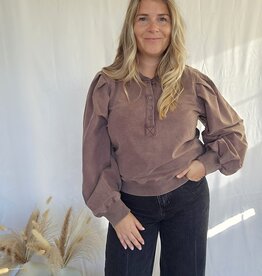 sweater puffy sleeves - buttons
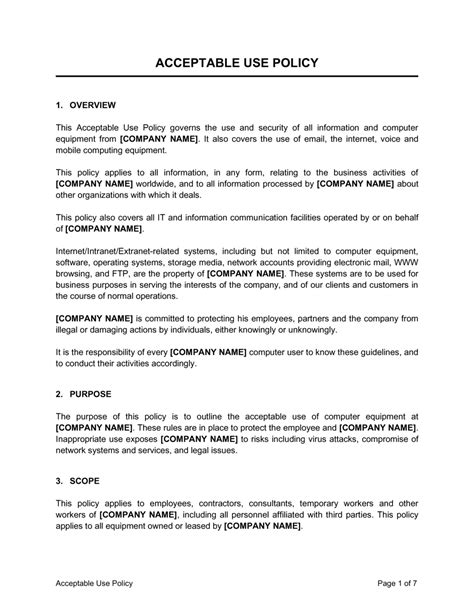 Acceptable Use Policy Template by BusinessinaBox™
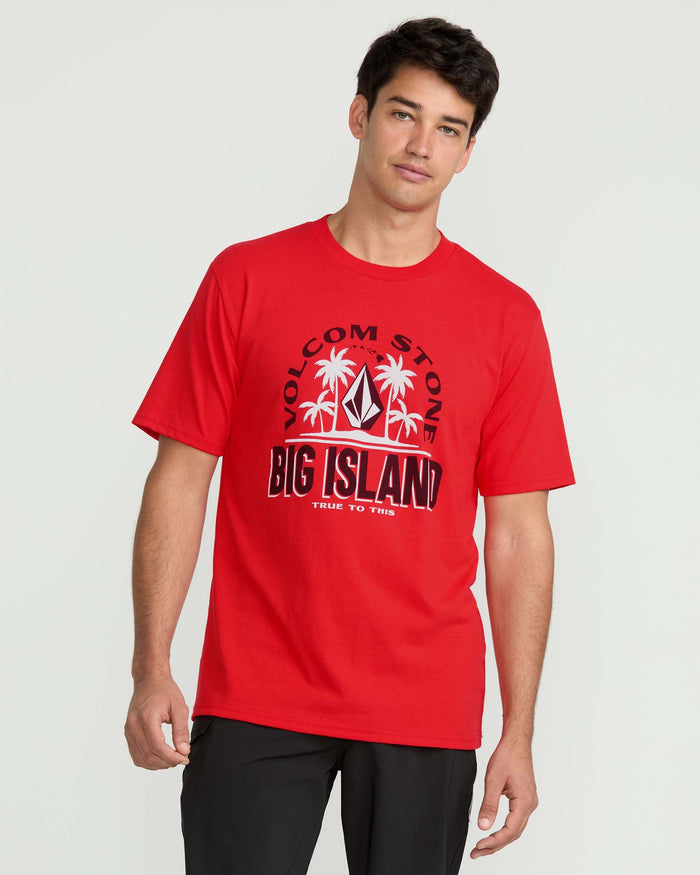 Men's Claimed Big Island Short Sleeve Tee-Chili Red-Volcom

################

Task prompt:
Without the pictures, give every line of the data again, exactly as written.

Written solution:
 sweater puffy sleeves - buttons
 Acceptable Use Policy Template by BusinessinaBox™
 Men's Claimed Big Island Short Sleeve Tee-Chili Red-Volcom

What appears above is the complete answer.